=== AVAILABLE DATA ===

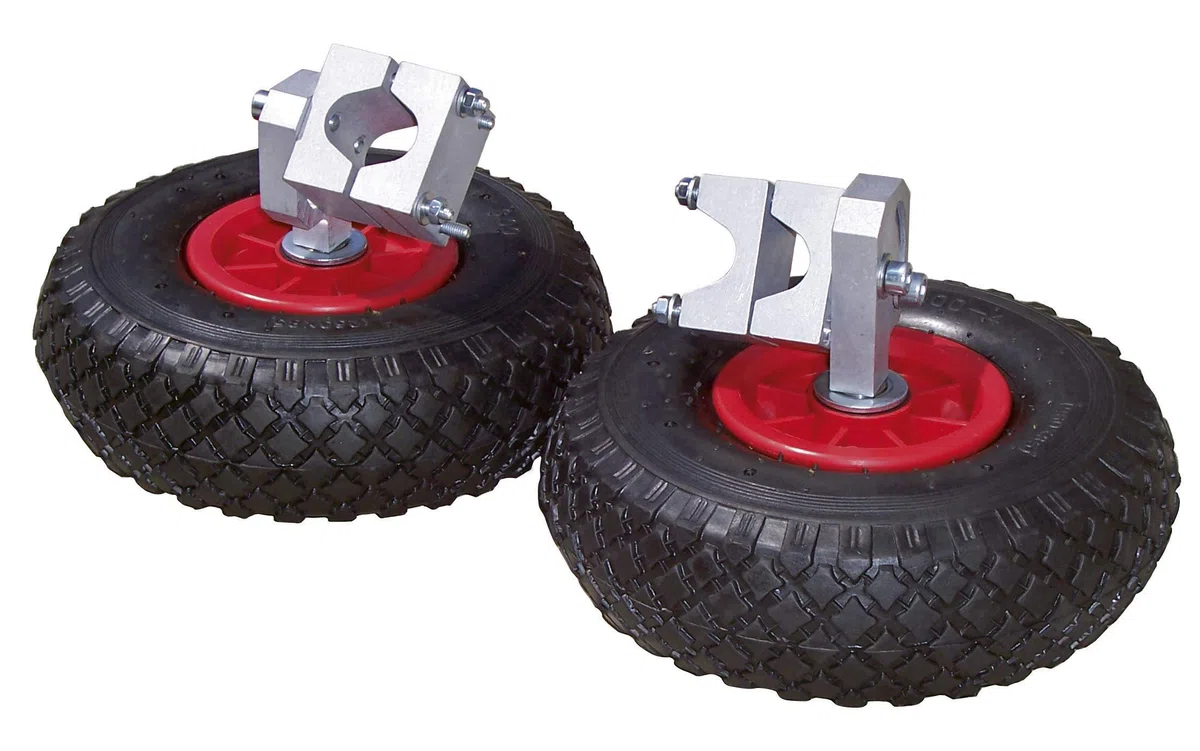 Kerbl 2x Stützräder für Schubkarre, 2er Set, Zusatzräder, Schubkarrenräder, schwarz, PU, Ø25cm, Landwirte, Hobbygärtner, Montage ohne Bohren
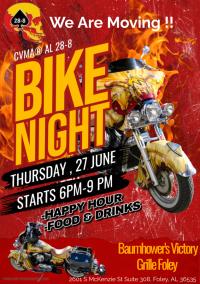 CVMA 28-8 End of Month Bike Night is Moving 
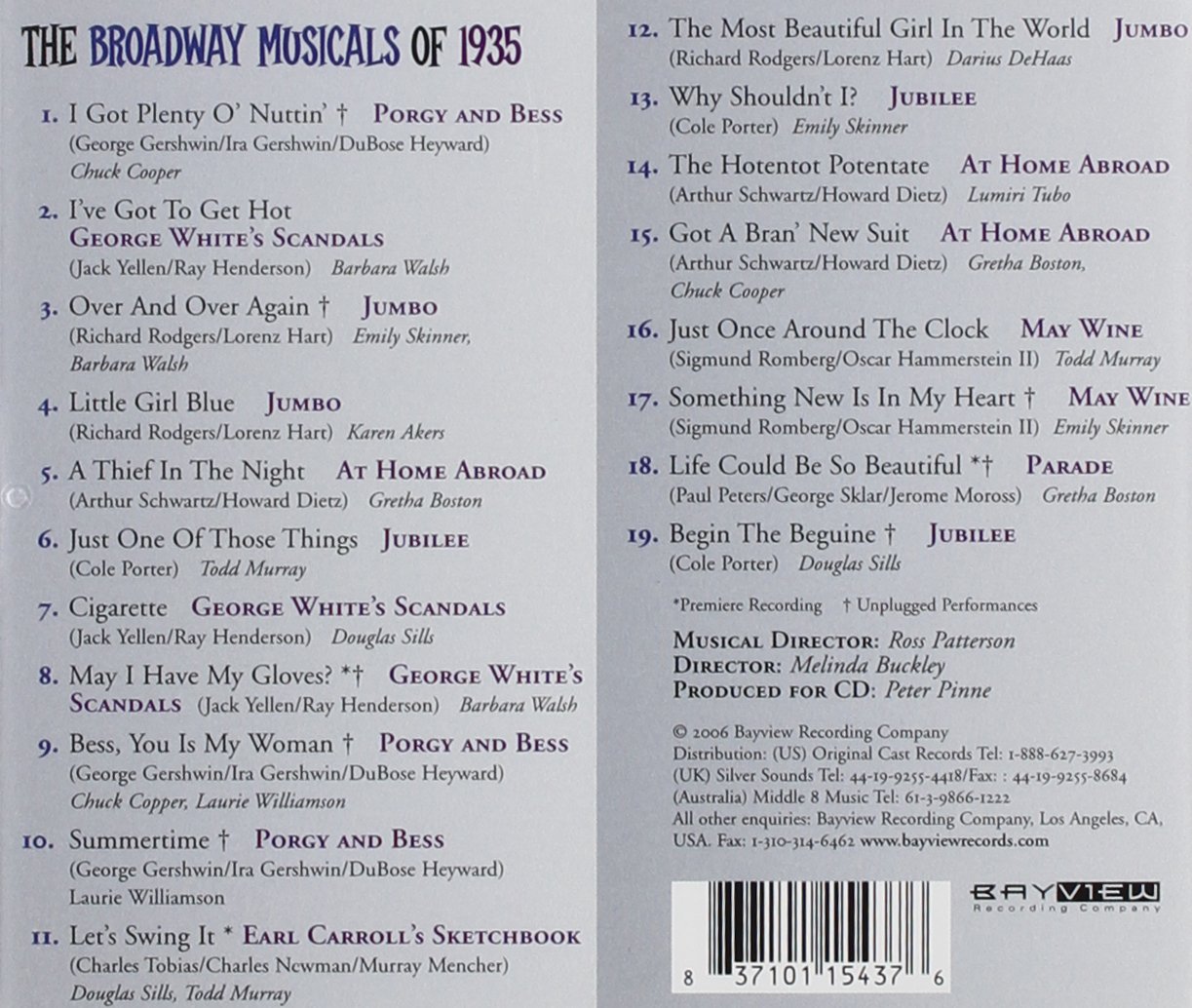 Broadway Musicals of 1935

=== THE PROBLEM ===
Reproduce precisely the lines of the listing above, from the line containing "CVMA 28-8 End of Month Bike Night is Moving" to the last line, both ends included. Pictures are to be omitted.

=== SOLUTION TO THIS PROBLEM ===
 CVMA 28-8 End of Month Bike Night is Moving 
 Broadway Musicals of 1935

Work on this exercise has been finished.